Monitoring
Anchore Enterprise exposes prometheus metrics in the API of each service if the
config.yaml
that is used by that service has the metrics.enabled
key set to
true.
Each service exports its own metrics and is typically scraped by a Prometheus installation to gather the metrics. Anchore does not aggregate or distribute metrics between services. You should configure your Prometheus deployment or integration to check each Anchore service’s API using the same port it exports for the /metrics route.
Example with Quickstart docker-compose.yaml
The following example prometheus.yaml
file is used to configure prometheus
jobs that corresponds to the docker-compose.yaml
that is bundled in the
Enterprise container.
To use this example, do the following.
- Uncomment the anchore-prometheus service in the docker-compose.yaml, as shown.
anchore-prometheus:
image: docker.io/prom/prometheus:latest
depends_on:
- engine-api
volumes:
- ./anchore-prometheus.yml:/etc/prometheus/prometheus.yml:z
logging:
driver: "json-file"
options:
max-size: 100m
ports:
- "9090:9090"
- Enable metrics for each enterprise service as shown.
sed -i 's/ANCHORE_ENABLE_METRICS=false/ANCHORE_ENABLE_METRICS=true/g' docker-compose.yaml
- Create an
anchore-prometheus.yaml
file in the same directory as thedocker-compose.yaml
with the following content:
# This Prometheus configuration corresponds to the service names and ports in the docker-compose.yaml provided in the Enterprise docker image. Adjust names and ports accordingly for other environments.
global:
scrape_interval: 15s
scrape_timeout: 10s
evaluation_interval: 15s
alerting:
alertmanagers:
- static_configs:
- targets: []
scheme: http
timeout: 10s
scrape_configs:
- job_name: anchore-api
scrape_interval: 15s
scrape_timeout: 10s
metrics_path: /metrics
scheme: http
static_configs:
- targets:
- api:8228
basic_auth:
username: admin
password: foobar
- job_name: anchore-catalog
scrape_interval: 15s
scrape_timeout: 10s
metrics_path: /metrics
scheme: http
static_configs:
- targets:
- catalog:8228
basic_auth:
username: admin
password: foobar
- job_name: anchore-simplequeue
scrape_interval: 15s
scrape_timeout: 10s
metrics_path: /metrics
scheme: http
static_configs:
- targets:
- queue:8228
basic_auth:
username: admin
password: foobar
- job_name: anchore-analyzer
scrape_interval: 15s
scrape_timeout: 10s
metrics_path: /metrics
scheme: http
static_configs:
- targets:
- analyzer:8228
basic_auth:
username: admin
password: foobar
- job_name: enterprise-rbac-manager
scrape_interval: 15s
scrape_timeout: 10s
metrics_path: /metrics
scheme: http
static_configs:
- targets:
- rbac-manager:8228
basic_auth:
username: admin
password: foobar
- job_name: anchore-policy-engine
scrape_interval: 15s
scrape_timeout: 10s
metrics_path: /metrics
scheme: http
static_configs:
- targets:
- policy-engine:8228
basic_auth:
username: admin
password: foobar
- job_name: enterprise-feeds
scrape_interval: 15s
scrape_timeout: 10s
metrics_path: /metrics
scheme: http
static_configs:
- targets:
- feeds:8228
basic_auth:
username: admin
password: foobar
- job_name: enterprise-ui
scrape_interval: 15s
scrape_timeout: 10s
metrics_path: /metrics
scheme: http
static_configs:
- targets:
- ui:3000
- Type:
docker-compose up -d
. - Open a browser to: http://localhost:9090 to see metrics from the default prometheus console.
Monitoring in Kubernetes and/or Helm Chart
Prometheus is very commonly used for monitoring Kubernetes clusters.
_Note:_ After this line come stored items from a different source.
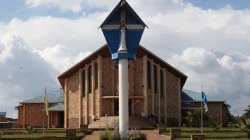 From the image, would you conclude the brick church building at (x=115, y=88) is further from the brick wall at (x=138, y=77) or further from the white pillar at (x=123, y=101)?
the white pillar at (x=123, y=101)

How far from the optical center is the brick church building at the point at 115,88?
39625 millimetres

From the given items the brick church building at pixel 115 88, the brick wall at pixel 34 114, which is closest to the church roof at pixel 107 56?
the brick church building at pixel 115 88

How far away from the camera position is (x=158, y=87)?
41.1 meters

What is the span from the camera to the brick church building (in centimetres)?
3962

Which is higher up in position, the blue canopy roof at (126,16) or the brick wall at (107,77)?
the blue canopy roof at (126,16)

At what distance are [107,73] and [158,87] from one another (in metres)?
6.76

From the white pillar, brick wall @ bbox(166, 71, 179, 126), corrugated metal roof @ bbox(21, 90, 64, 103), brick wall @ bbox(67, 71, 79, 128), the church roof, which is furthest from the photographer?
corrugated metal roof @ bbox(21, 90, 64, 103)

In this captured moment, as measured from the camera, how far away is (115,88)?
4006 centimetres

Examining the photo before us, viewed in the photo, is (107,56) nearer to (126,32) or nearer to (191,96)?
(191,96)

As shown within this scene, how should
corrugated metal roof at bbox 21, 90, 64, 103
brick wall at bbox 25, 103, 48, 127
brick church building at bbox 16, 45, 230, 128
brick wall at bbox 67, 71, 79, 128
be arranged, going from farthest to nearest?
corrugated metal roof at bbox 21, 90, 64, 103 < brick wall at bbox 25, 103, 48, 127 < brick wall at bbox 67, 71, 79, 128 < brick church building at bbox 16, 45, 230, 128

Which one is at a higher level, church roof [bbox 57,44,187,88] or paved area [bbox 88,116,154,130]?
church roof [bbox 57,44,187,88]

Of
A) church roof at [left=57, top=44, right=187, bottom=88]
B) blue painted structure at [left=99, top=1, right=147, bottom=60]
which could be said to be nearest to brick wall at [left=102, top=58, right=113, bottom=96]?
church roof at [left=57, top=44, right=187, bottom=88]

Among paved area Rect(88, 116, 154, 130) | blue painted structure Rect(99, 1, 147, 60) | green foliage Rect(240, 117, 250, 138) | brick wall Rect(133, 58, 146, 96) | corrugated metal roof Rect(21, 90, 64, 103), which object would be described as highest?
blue painted structure Rect(99, 1, 147, 60)

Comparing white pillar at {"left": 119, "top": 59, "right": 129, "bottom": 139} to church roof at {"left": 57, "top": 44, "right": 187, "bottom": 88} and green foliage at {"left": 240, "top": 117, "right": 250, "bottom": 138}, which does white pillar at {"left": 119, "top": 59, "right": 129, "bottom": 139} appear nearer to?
green foliage at {"left": 240, "top": 117, "right": 250, "bottom": 138} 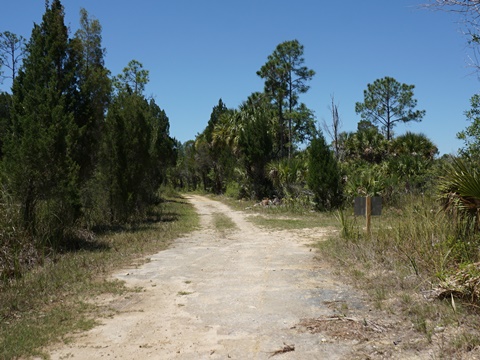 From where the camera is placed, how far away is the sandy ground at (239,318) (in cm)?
488

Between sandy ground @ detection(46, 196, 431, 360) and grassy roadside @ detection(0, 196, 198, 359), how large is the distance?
13.9 inches

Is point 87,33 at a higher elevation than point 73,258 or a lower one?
higher

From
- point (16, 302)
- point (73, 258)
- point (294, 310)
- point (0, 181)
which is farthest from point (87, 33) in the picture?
point (294, 310)

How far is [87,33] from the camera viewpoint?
2056cm

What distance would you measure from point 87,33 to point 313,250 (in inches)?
620

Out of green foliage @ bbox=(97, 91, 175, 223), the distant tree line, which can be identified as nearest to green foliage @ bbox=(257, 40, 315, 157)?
the distant tree line

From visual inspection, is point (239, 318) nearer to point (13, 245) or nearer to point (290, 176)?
point (13, 245)

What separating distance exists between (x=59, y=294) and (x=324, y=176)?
18438 mm

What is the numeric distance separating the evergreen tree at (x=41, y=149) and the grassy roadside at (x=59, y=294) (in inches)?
52.5

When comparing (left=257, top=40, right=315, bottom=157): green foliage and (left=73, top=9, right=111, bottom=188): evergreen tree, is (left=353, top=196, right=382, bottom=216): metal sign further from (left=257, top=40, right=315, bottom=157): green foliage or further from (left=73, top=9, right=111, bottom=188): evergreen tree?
(left=257, top=40, right=315, bottom=157): green foliage

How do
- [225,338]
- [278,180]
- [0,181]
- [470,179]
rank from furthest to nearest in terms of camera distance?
[278,180]
[0,181]
[470,179]
[225,338]

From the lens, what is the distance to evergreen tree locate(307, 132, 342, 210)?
24.0m

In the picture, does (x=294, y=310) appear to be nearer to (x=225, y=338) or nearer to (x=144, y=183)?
(x=225, y=338)

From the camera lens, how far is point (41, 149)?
461 inches
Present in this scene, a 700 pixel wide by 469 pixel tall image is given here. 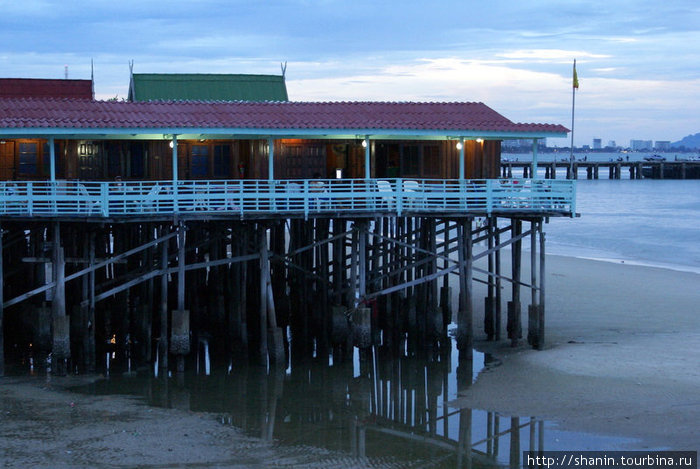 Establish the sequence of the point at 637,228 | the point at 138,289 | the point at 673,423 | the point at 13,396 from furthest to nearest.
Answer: the point at 637,228
the point at 138,289
the point at 13,396
the point at 673,423

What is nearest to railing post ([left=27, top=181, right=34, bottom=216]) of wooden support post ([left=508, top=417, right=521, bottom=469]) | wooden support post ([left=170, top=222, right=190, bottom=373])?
wooden support post ([left=170, top=222, right=190, bottom=373])

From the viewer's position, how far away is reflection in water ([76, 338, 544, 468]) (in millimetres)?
20750

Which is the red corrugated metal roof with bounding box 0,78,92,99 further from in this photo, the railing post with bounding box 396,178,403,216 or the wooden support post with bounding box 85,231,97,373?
the railing post with bounding box 396,178,403,216

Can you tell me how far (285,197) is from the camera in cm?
2716

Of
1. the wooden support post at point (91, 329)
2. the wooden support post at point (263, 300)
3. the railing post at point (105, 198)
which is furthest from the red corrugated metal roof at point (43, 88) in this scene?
the wooden support post at point (263, 300)

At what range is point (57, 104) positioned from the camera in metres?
28.0

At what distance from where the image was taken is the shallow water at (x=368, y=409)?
67.7 feet

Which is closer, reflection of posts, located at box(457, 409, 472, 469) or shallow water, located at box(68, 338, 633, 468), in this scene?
reflection of posts, located at box(457, 409, 472, 469)

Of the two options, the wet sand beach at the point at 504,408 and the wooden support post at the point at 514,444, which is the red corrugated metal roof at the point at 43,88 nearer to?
the wet sand beach at the point at 504,408

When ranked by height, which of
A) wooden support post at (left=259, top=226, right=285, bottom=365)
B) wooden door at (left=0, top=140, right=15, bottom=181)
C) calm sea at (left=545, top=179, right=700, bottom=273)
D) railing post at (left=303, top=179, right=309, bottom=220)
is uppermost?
wooden door at (left=0, top=140, right=15, bottom=181)

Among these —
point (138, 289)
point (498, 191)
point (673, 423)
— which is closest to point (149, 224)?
point (138, 289)

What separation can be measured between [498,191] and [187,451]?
1234cm

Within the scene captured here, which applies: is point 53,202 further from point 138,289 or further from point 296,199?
point 138,289

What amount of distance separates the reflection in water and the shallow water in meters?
0.02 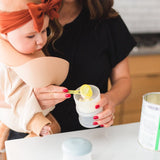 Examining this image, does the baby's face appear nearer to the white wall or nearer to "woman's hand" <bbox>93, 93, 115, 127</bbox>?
"woman's hand" <bbox>93, 93, 115, 127</bbox>

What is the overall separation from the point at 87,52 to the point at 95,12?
0.62 ft

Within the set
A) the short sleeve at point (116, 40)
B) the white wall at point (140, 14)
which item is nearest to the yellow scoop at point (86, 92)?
the short sleeve at point (116, 40)

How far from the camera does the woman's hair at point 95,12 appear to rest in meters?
1.15

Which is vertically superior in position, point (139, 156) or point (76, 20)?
point (76, 20)

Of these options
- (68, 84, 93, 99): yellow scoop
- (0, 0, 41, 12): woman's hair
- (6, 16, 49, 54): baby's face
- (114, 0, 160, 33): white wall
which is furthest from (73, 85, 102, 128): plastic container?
(114, 0, 160, 33): white wall

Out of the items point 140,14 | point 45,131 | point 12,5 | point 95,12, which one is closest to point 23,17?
point 12,5

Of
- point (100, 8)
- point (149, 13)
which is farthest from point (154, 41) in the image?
point (100, 8)

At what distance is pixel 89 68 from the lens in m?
1.21

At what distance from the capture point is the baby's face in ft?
2.71

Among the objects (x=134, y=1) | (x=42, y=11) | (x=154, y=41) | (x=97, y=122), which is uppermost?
(x=42, y=11)

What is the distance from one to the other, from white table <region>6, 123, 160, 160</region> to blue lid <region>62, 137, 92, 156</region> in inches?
4.6

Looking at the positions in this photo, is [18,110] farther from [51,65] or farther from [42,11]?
[42,11]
Prometheus is supported by core Kuberenetes services. There are many guides on using Prometheus to monitor a cluster and services deployed within, and also many other monitoring systems can consume Prometheus metrics.
The Anchore Helm Chart includes a quick way to enable the Prometheus metrics on each service container:
Set:
helm install --name myanchore anchore/anchore-engine --set anchoreGlobal.enableMetrics=true
Or, set it directly in your customized values.yaml
The specific strategy for monitoring services with prometheus is outside the scope of this document. But, because Anchore exposes metrics on the /metrics route of all service ports, it should be compatible with most monitoring approaches (daemon sets, side-cars, etc).
Metrics of Note
Anchore services export a range of metrics. The following list shows some Anchore services that can help you determine the health and load of an Anchore deployment.
- anchore_queue_length, specifically for queuename: “images_to_analyze”
- This is the number of images pending analysis, in the not_analyzed state.
- As this number grows you can expect longer analysis times.
- Adding more analyzers to a system can help drain the queue faster and keep wait times to a minimum.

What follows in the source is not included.